В круге раздался шёпот. Молодые дворфы тянулись к словам Бромгара, старшие внимали Гримгору. Искры костра летели выше, будто само пламя спорило, на чьей стороне правда.

Он перевёл взгляд на Акрафагора. Тот явно почувствовал этот взгляд, как удар молота в грудь.

2 лайка

Костёр трещал, отбрасывая длинные тени на лица дворфов. Слова Бромгара и Гримгорда зависли над кругом, как тяжёлое облако. Несколько мгновений стояла гнетущая тишина — даже кузнечные звуки из деревни затихли, будто и молоты слушали сказителя.

Первым заговорил один из молодых воинов, глаза его горели:
— Я тоже слышал этот вой! Не похоже это было на обычный ветер. Он будто… звал.
Кто-то из старших хмыкнул, откинулся назад, обхватив кружку.
— Звал, говоришь? Ветер всегда воет в холмах. Я давно слышу его, и каждый раз он звучит иначе. Может, тебе просто страшно стало, вот и надумал себе «зов».
Смех прошёл по рядам, но короткий, нервный. Несколько бород всё равно кивнули в сторону Бромгара.

Бромгар вскинул руку, резко:
— Смейся, смейся, пока гром не расколол тебе крышу над головой! Белокаменщики тоже думали, что это просто ветер, пока буря не снесла их клан с лица земли.
Гул прошёл по кругу. Молодые дворфы нахмурились, кто-то тяжело вздохнул.
Слово взял седой кузнец, шрам тянулся от щеки к подбородку:
— Белокаменщики пали из-за глупости своего старейшины, не из-за бури. Мы крепче их, и точно не будем призывать владыку ветра у себя дома.
Кто-то громко бухнул кулаком о щит.
— Довольно пугать! Ты всегда любил сказы и байки, Бромгар. Но может, старость уже спутала тебе голову. Сейчас более насущные проблемы есть, и твои байки не к месту.

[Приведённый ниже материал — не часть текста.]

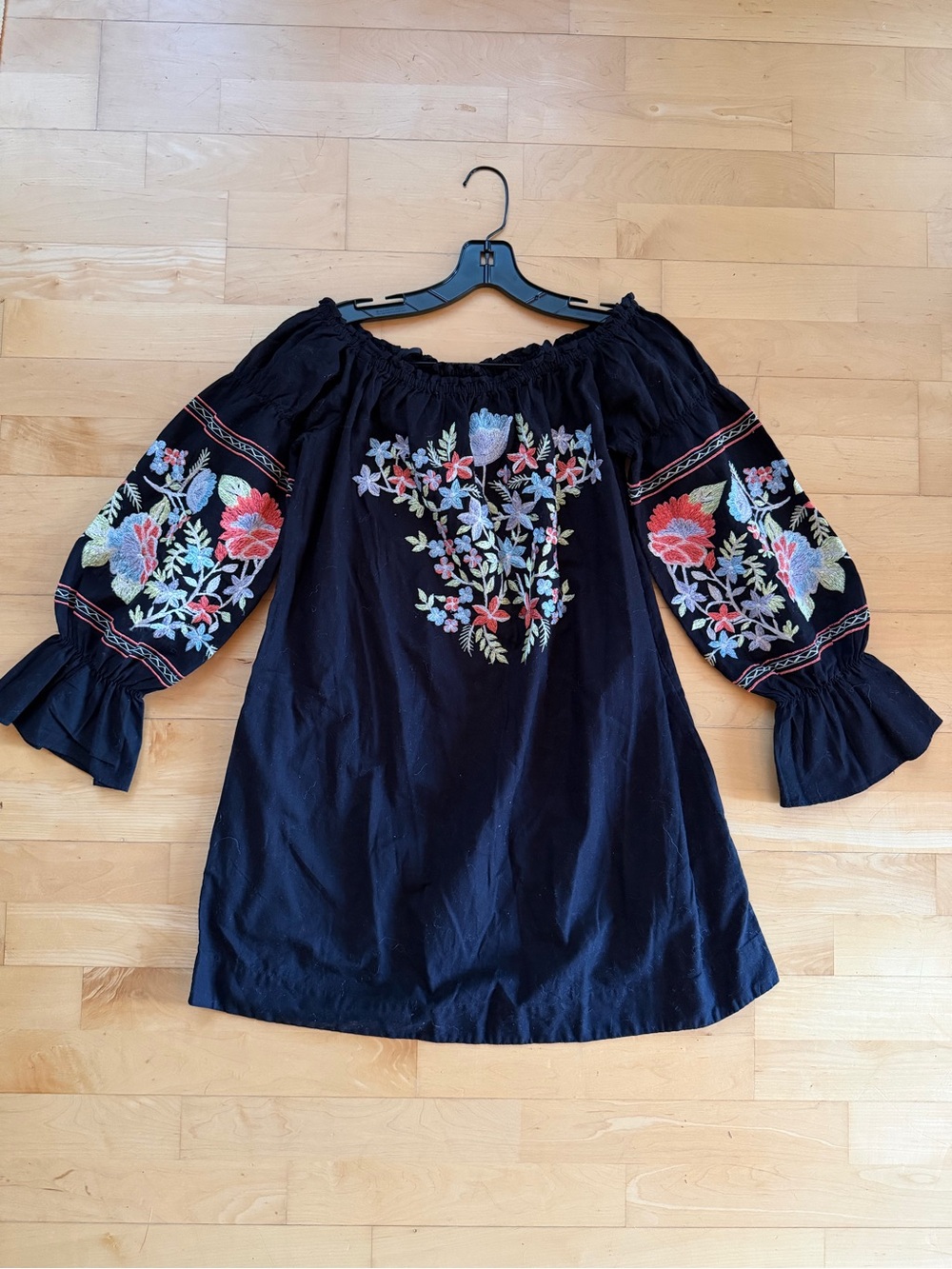 Free People embroidered floral dress - like new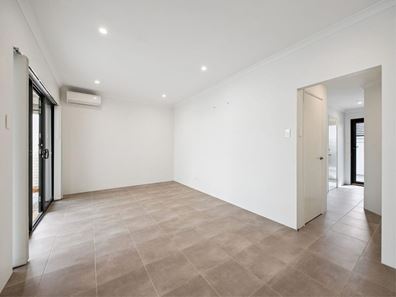 6/88 North Lake Road, Myaree WA 6154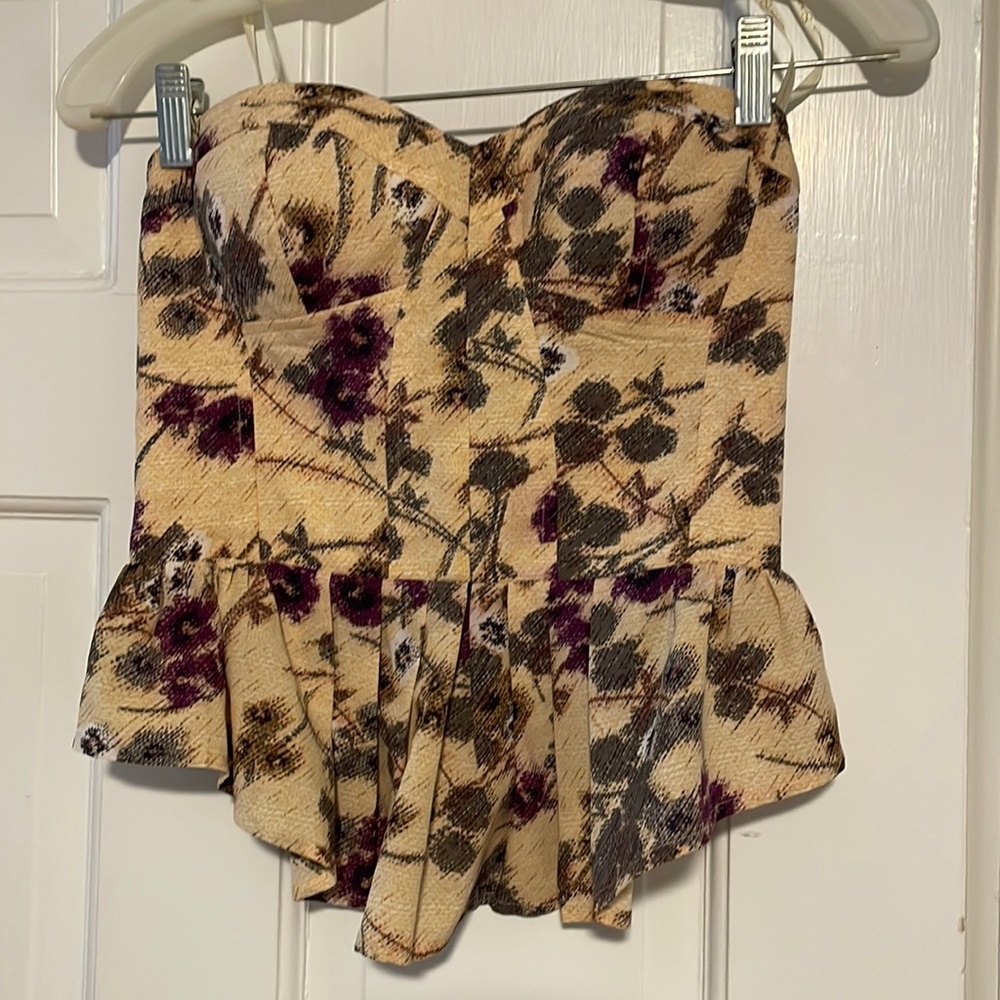 Jessica Simpson corset type top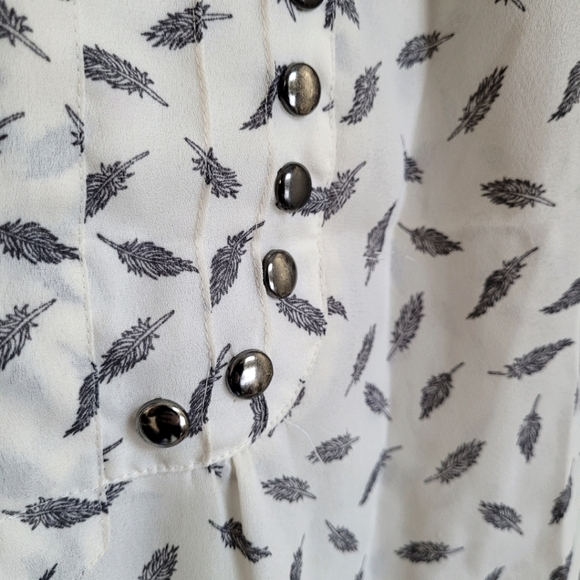 Bardot Feather Print Blouse - Picture 2 of 7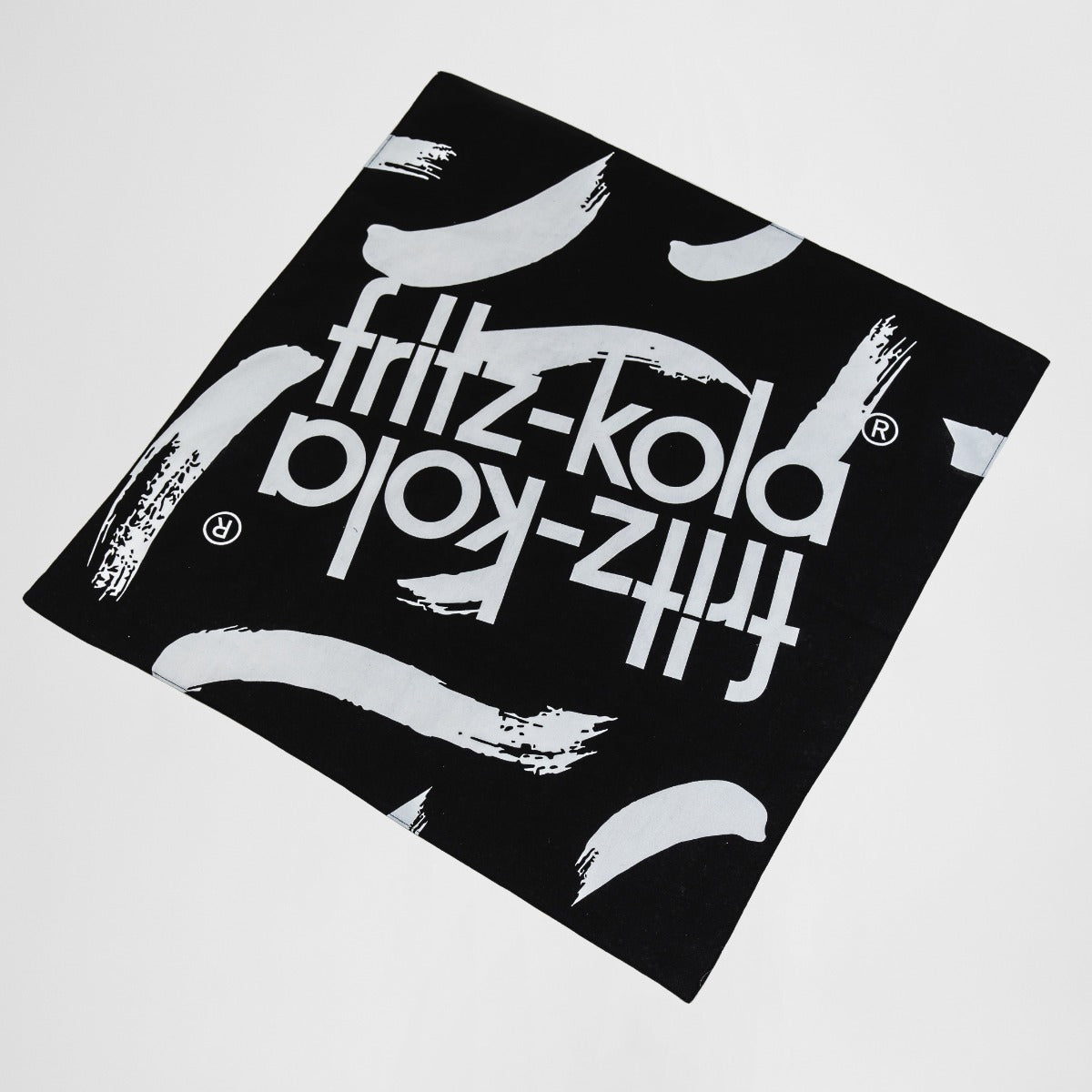 schwarzes Bandana mit fritz-kola schriftzug in weiß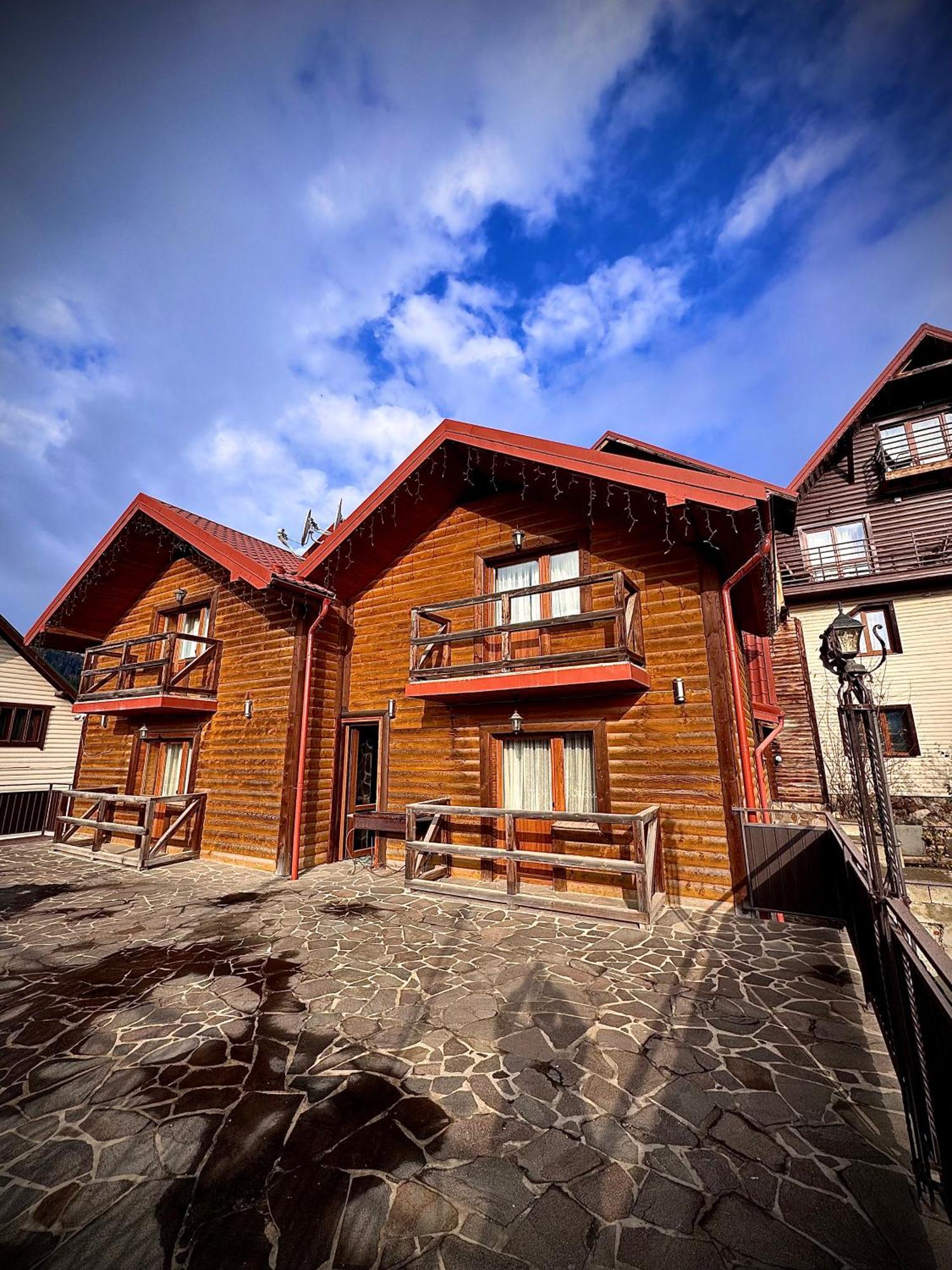 Опришок Hotel Palyanytsya Exterior photo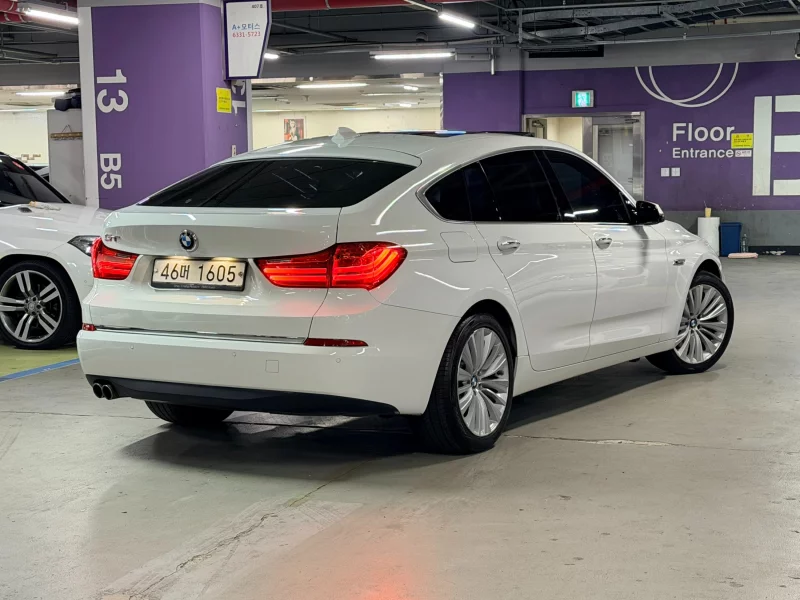 BMW 5-Series Gran Turismo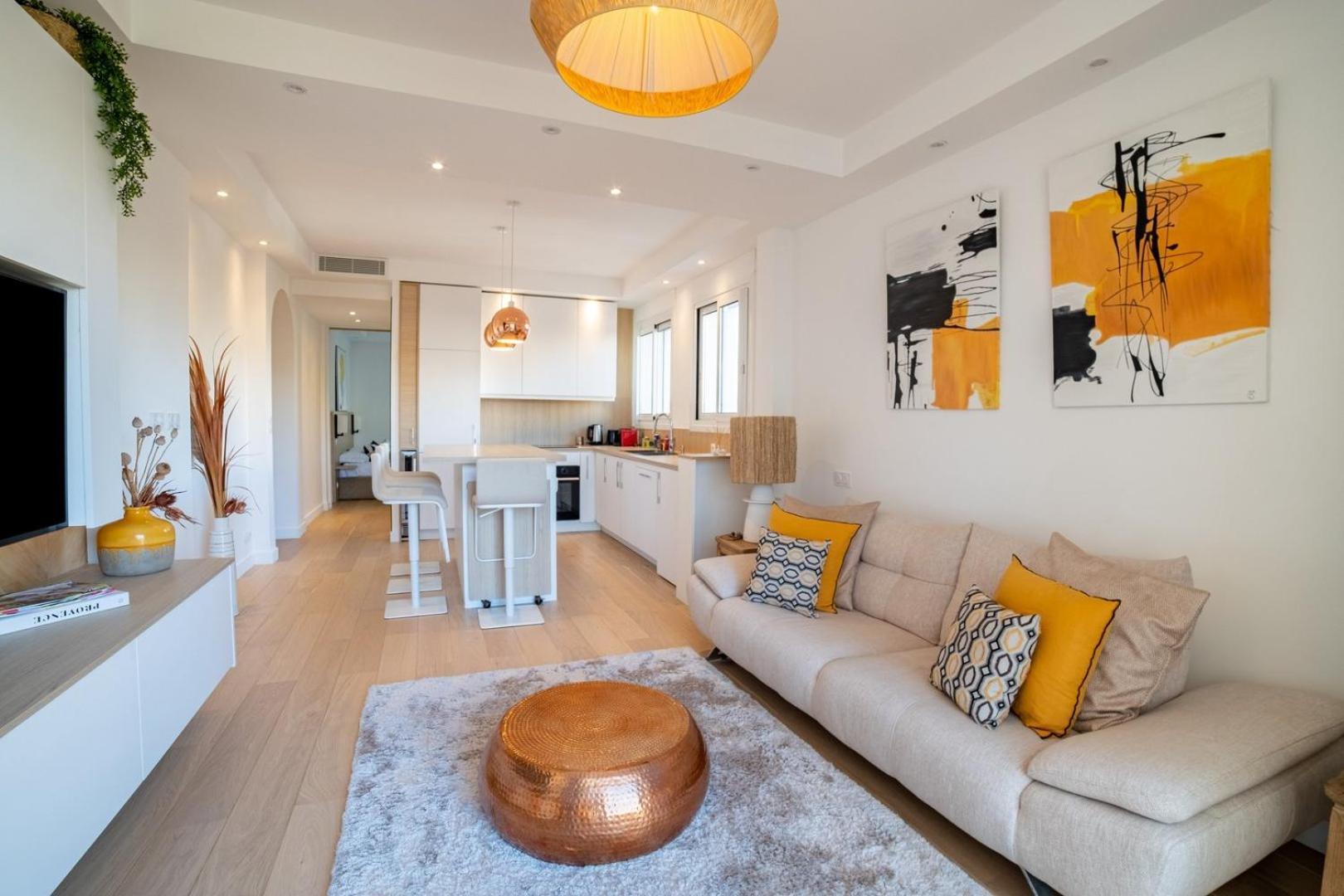 Apartment C3 - 1 Bdr Blvd Croisette Henri Iv - Ac & Balcony Cannes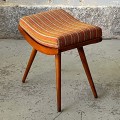 czechoslowacki-tapicerowany-stolek-w-stylu-brussel-design-lata-60-70-002.jpg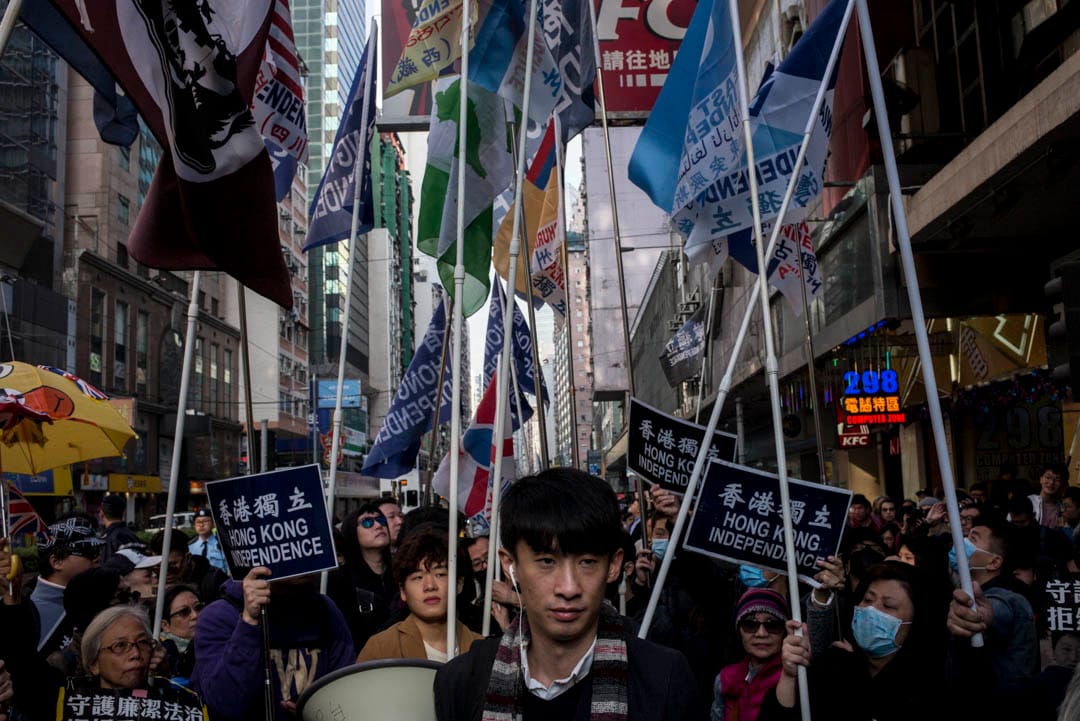 香港民族陣綫發言人梁頌恆與港獨遊行隊伍。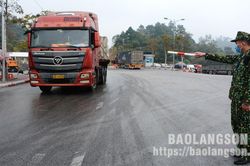 Tích cực điều tiết giao thông tại khu vực cửa khẩu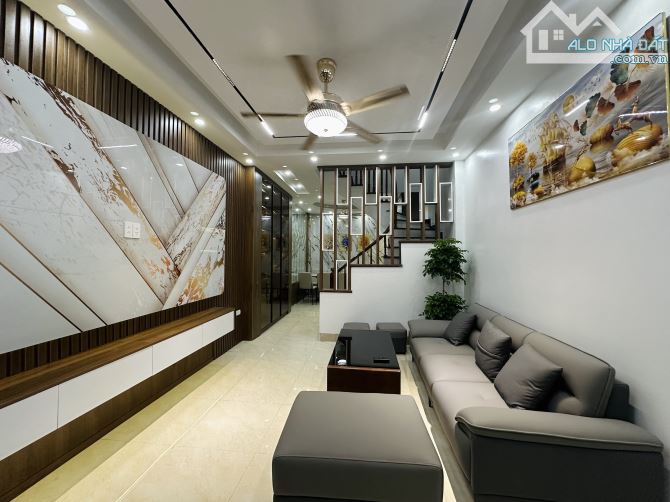 Bán nhà Tân Mai, ô tô tải lùi của, Full nội thất, 37m2, nhỉnh 9 tỷ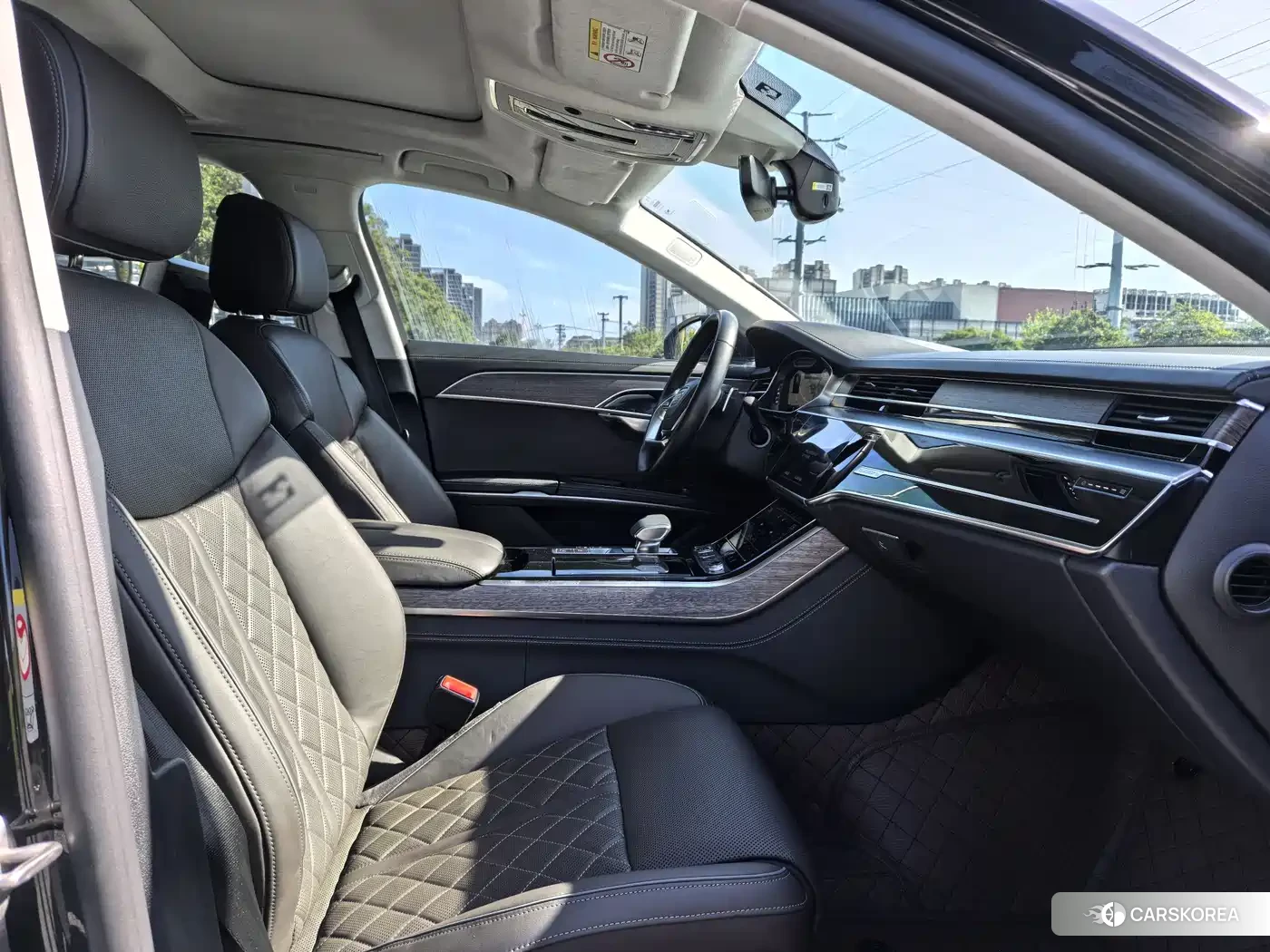 Audi A8 id 4589108 из Китая 19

Акрафагор молча наблюдал и за весь вечер не обронил ни слова. И действительно, сейчас есть проблемы куда важнее и завтра утром собирается совет старейшин, чтобы вновь обсудить положение дел и что они будут с ними делать.


Утро не принесло покоя. Туман ещё стелился по холмам, и над деревней поднимался лёгкий дым. На возвышении стоял Дом Старейшин — большое деревянное здание с крышей из дерна, резными балками и синими знаменами клана.
Внутри пахло смолой и старым деревом. Факелы у стен бросали тени на гобелены и щиты. За длинным дубовым столом собрались старейшины: суровые лица, бороды седые, глаза полные усталости. Сегодня речь шла не только о хлебе и кузнях — на повестке стояла судьба клана.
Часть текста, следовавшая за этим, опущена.